Abschied unter derAnzeigetafel

Wie ich da feiertags also meine Runde drehte, so ganz für mich in diesem weiten Stadionrund, da packte mich das an. Wie ich da so stand, schräg unter der Anzeigetafel, auf die Haupttribüne blickte mit ihren Monsterkrallen, auf die Gegengerade mit ihren Holzsitzen, ihren staubigen Stehrängen, da schauderte mich. Auf dem Rasen habe ich schon Aufstiege gefeiert und Nichtabstiege beseufzt, habe auf den Rängen Relegationen ertragen, das Pokalendspiel erreicht, ein 7:0 erlebt und noch eins, im Nebel die Tore nicht gesehen und die Hände über dem Kopf zusammengeschlagen und geschrien, viel geschrien.

Ich stand bei über 30 Grad im Fanblock, lange bevor es eine Singing Area gab, und lechzte nach Wasser oder dem kalten Bier aus der Werbung, dabei mag ich Bier nicht mal sonderlich. Nicht mehr. Vielleicht liegt’s an zu vielen Auswärtsfahrten. Eine davon ist schuld, dass ich lange Zeit einen Bogen um Joghurt machte, und dabei fällt mir auf: Die Joghurt-Antipathie hat auch einen Runden. 1998 war’s, nach dem Abstieg in Rostock, die längste Zugfahrt der Geschichte, mit der größten Menge Frei-Joghurt der Geschichte.
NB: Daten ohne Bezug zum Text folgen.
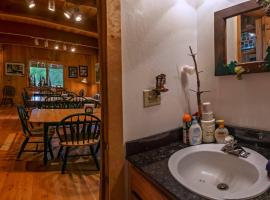 Sun Mountain Ranch BunkHouse - Near Crater Lake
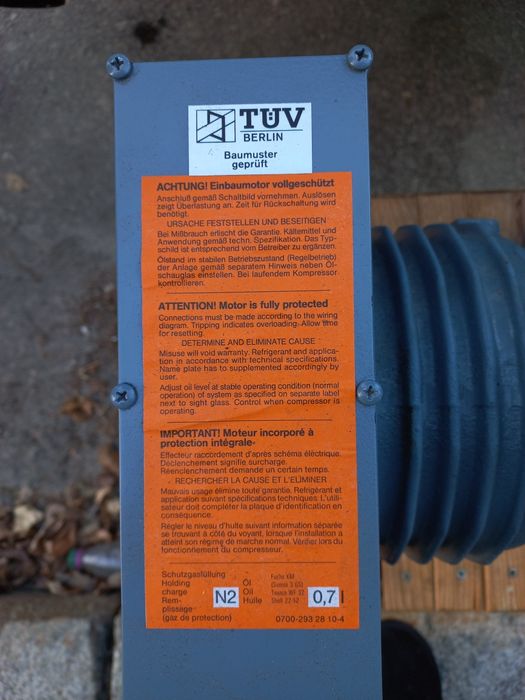 Компрессор холодильника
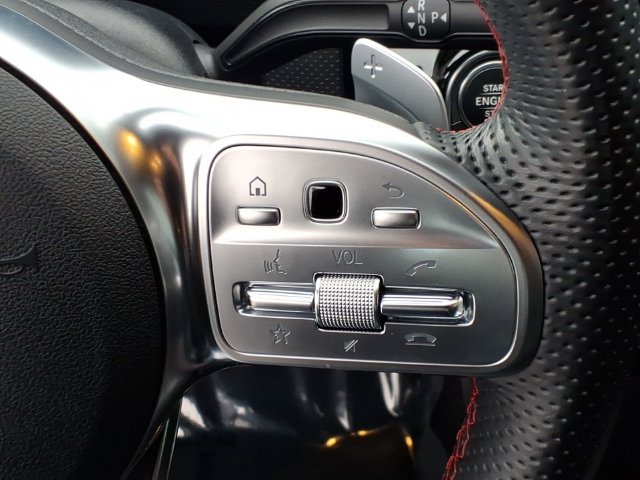 Certified Used 2022 White Mercedes-Benz CLA 250 image 10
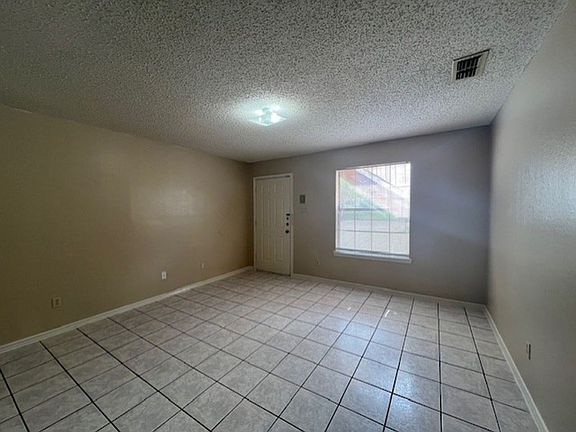 4th image of 1502 E San Pedro St #1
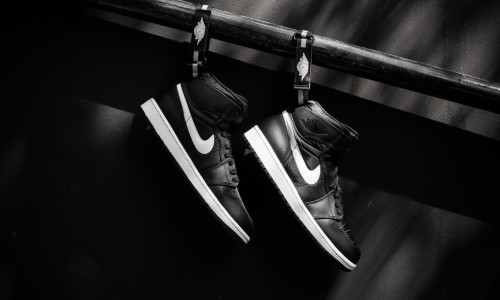 气质简约，Air Jordan 1 High OG Strap 黑白配色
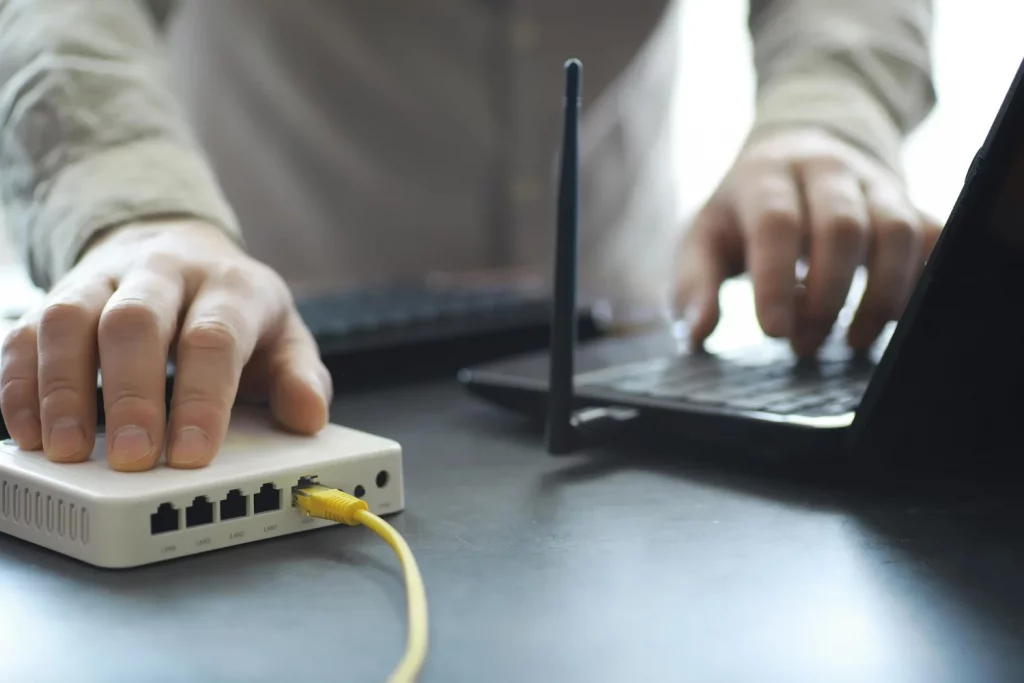 pessoa realizando e configurando um modem de internet após a contratação de serviço de um provedor de internet regional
Manchmal habe ich das Gefühl, wir fahren und löffeln immer noch. Und doch ist auch das 20 Jahre her.

Löffel gab’s keine im Wildpark, auch keine Schale, zumindest nicht die in Liga eins. Dafür durfte ich viele Spiele in selbiger Spielklasse erleben, durfte dabei sein, wie Oliver Kahn zwischen den Pfosten zum Titan emporwuchs, wie Euro-Eddy die Arme in die Höhe reckte, wie Kiki alle ausdribbelte, und da waren ja auch Magic und Eggi, Iron und der Lange, und kennen Sie noch Dirk Klinge oder Lars Schmidt? Ewig könnte ich so weitermachen, aber Sie kämen mir vermutlich gelangweilt abhanden. Zurück also zum Abschied.

Ein letztes Winken

Vergangenen Donnerstag habe ich dem Wildparkstadion gewunken. Ganz still, versteckt, für mich. Ohne Massen auf den Rängen, ohne Musik aus den Lautsprechern, ohne großes Pompom und Trara, aber mit großen Gefühlen. Ich hatte nicht erwartet, dass es mich so schuckt. Dabei ist die Zeit, in der Fußball im Allgemeinen und der Karlsruher Sport-Club im Speziellen über meine Laune, Wohl und Wehe entschied, lange her. Die Jahre, in denen ich als Fan mit Schals und Trikot, Mütze und allem, was der blau-weiße Schrank so hergab, ins Stadion pilgerte – eine gefühlte Ewigkeit vorbei. Ich als Kartenabreißer am Eingang Fasanengarten und hernach als Ordner im neongelben Leibchen im Block – in einem anderen Leben. In 30 Jahre passt so einiges.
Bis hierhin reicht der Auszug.